Ronald McDonald walks into a shopping mall in Kuala Lumpur.
That's not the beginning of a joke, but it is what actually happened over the weekend. The newly madeover clown made his first big appearance Saturday and Sunday in a shopping mall in Kuala Lumpur, where McDonald's built a mini sledding hill and brought in machines to generate snow (or a close approximation of it).
Having Ronald McDonald go sledding in a shopping mall in Malaysia is about as random as it can get, but it's a move that's part of larger global effort to have Ronald appeal to a broader audience than kids, including adults and families.
David Zlotnik, director-global marketing at McDonald's said that the randomness of the event is part of the strategy, which is about "engaging people in places where they are and to interact through their own social-media channels." Ronald will be appearing at events globally moving forward, both large and small, said Mr. Zlotnik, and participants at such events will be encouraged to use the #RonaldMcDonald hashtag.
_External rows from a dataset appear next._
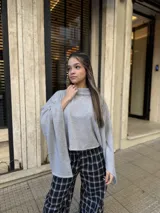 Poncho de hilo liviano en color gris, con cuello alto y diseño de caída fluida y asimétrica.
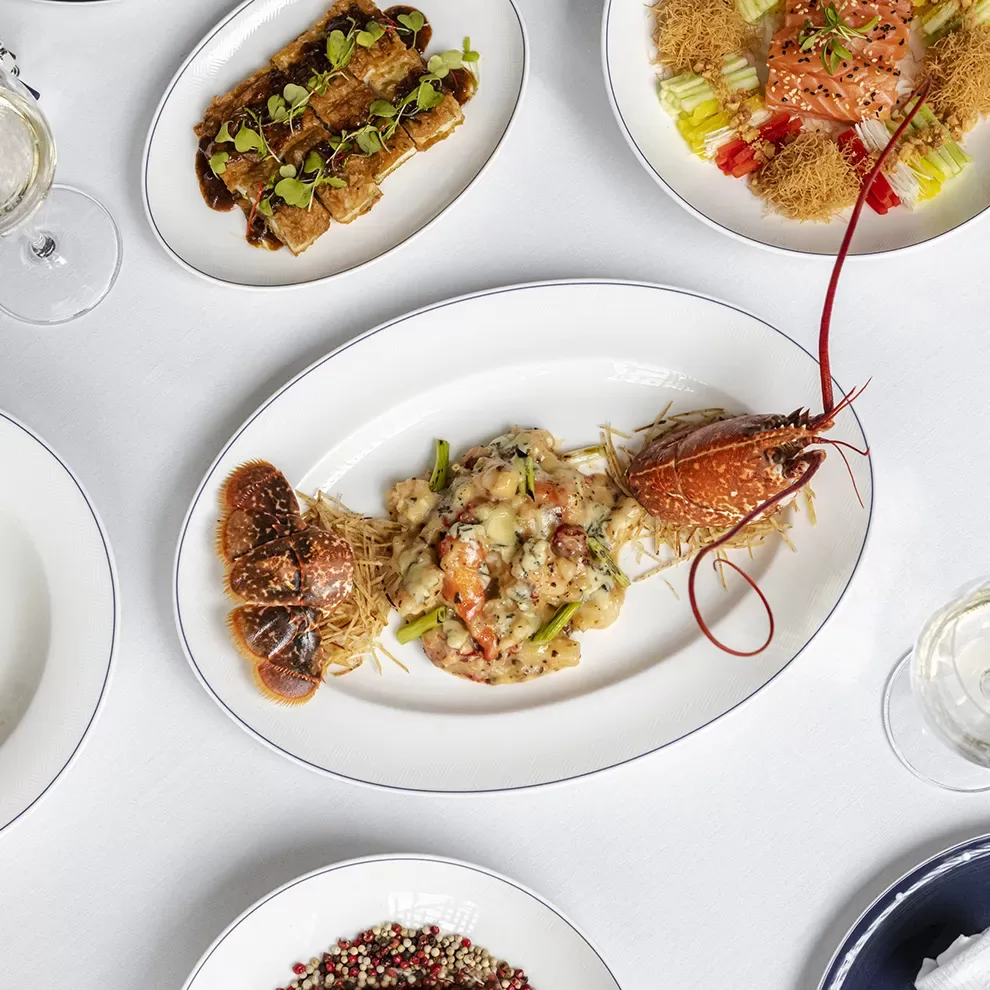 A white tablecloth displays an elegant seafood dish with lobster and garnishes on an oval plate. Surrounding dishes include what appears to be salmon and other gourmet offerings, alongside wine glasses and a dish of peppercorns.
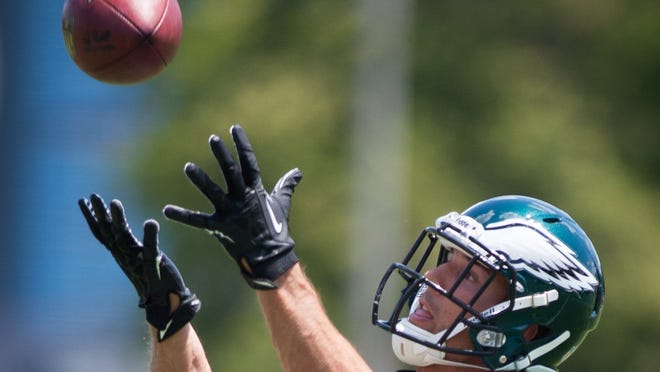 Philadelphia Eagles wide receiver Riley Cooper stretches for a pass but comes up short as he runs through drills at NFL football training camp in Philadelphi.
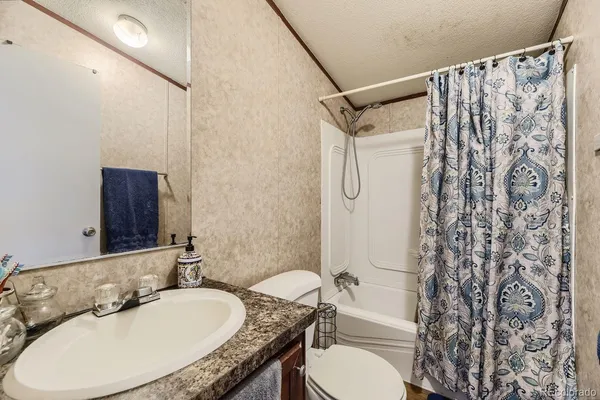 a bathroom with a granite countertop sink toilet a mirror and shower curtain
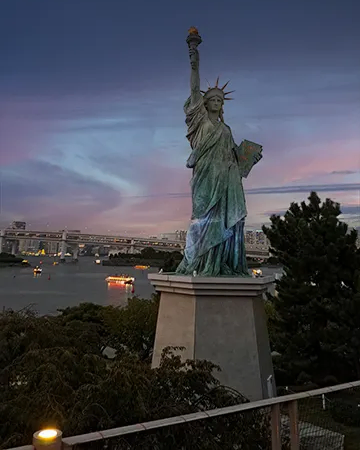 Réplica de la Estatua de la Libertad en Odaiba frente al puente Rainbow Bridge iluminado.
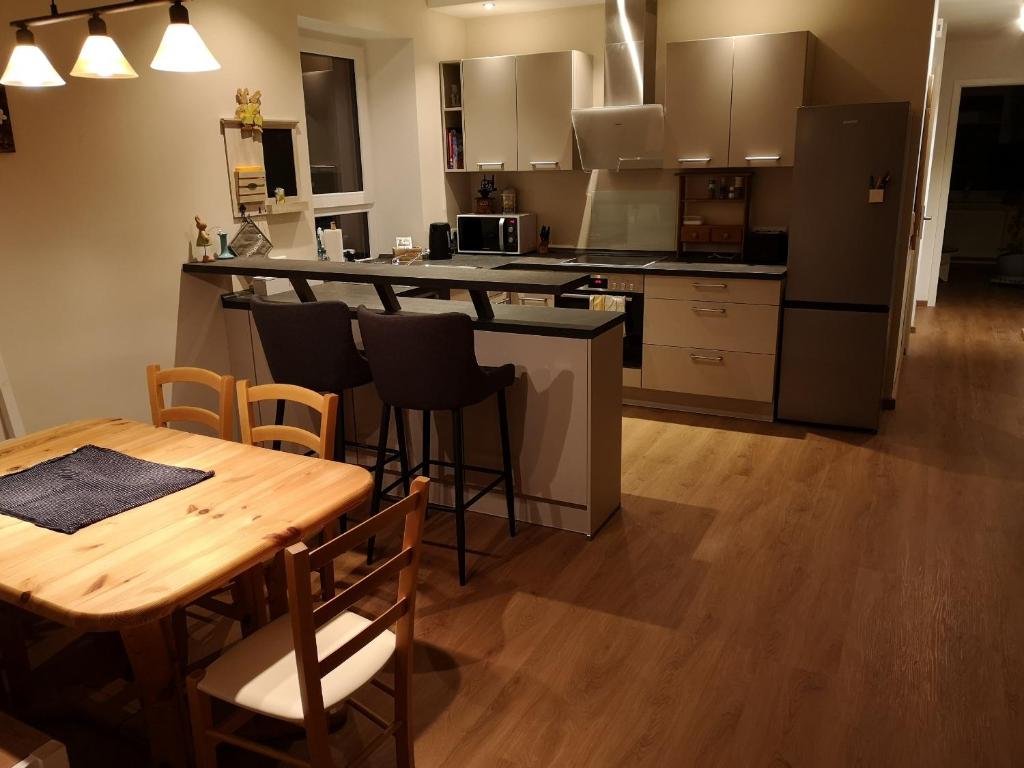 une cuisine avec une table en bois, une table et des chaises dans l'établissement gemütliches Sandsteinhaus, à Buergstadt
In other words, Ronald is being used to spark conversation in social media. McDonald's is "using Ronald to help drive new audiences and connect [with them] online,"said Mr. Zlotnik. He said that social-media data from this past weekend's event was not yet available.
Ronald's global gallivanting is the first step in the chain's new "Fun makes great things happen" campaign, which was announced in April in tandem with Ronald's makeover that was touted as a more modern look that included yellow cropped cargo pants and a fitted red blazer. (For this event, though, Ronald went casual and sported a rugby shirt.)
At the time, the chain also said Ronald would also take a bigger role in social media, though that has yet to happen. Mr. Zlotnik said that Ronald will tweet on occasion from the @McDonaldsCorp hashtag, the corporate handle for the company, but there are no plans yet for him to have his own handle. The chain is presumably playing it safe on social media, given how easily social media users can rip on companies.
The video was created by French agency June, Twenty First and the event was handled by Olson Engage, the PR arm of indie agency Olson. Mr. Zlotnik said about 7,500 people stopped by the indoor sledding hill.
It's clear the chain is trying to divorce Ronald from the Happy Meal and kids marketing in general, largely because the company has been continually slammed for using him to market to children. Last month, McDonald's unveiled a new Happy Meal character, Happy, which was an anthropomorphized Happy Meal box. It's not totally clear what Happy's role will be, but he'll be the primary mascot used to promote Happy Meals. According to Mr. Zlotnik, "Ronald represents the brand, and Happy represents the Happy Meal."
In recent years, Ronald had been relegated to the internet and also promoted the Ronald McDonald House Charities, though he has been appearing in some Happy Meal TV spots. Mr. Zlotnik said that Ronald will continue to promote the Ronald McDonald House Charities.
Aside from the events he'll be appearing at globally to promote fun, Ronald will appear in some TV ads in the fourth quarter, and he'll also be making appearances in the fall to celebrate the 40th anniversary of the Ronald McDonald House Charities.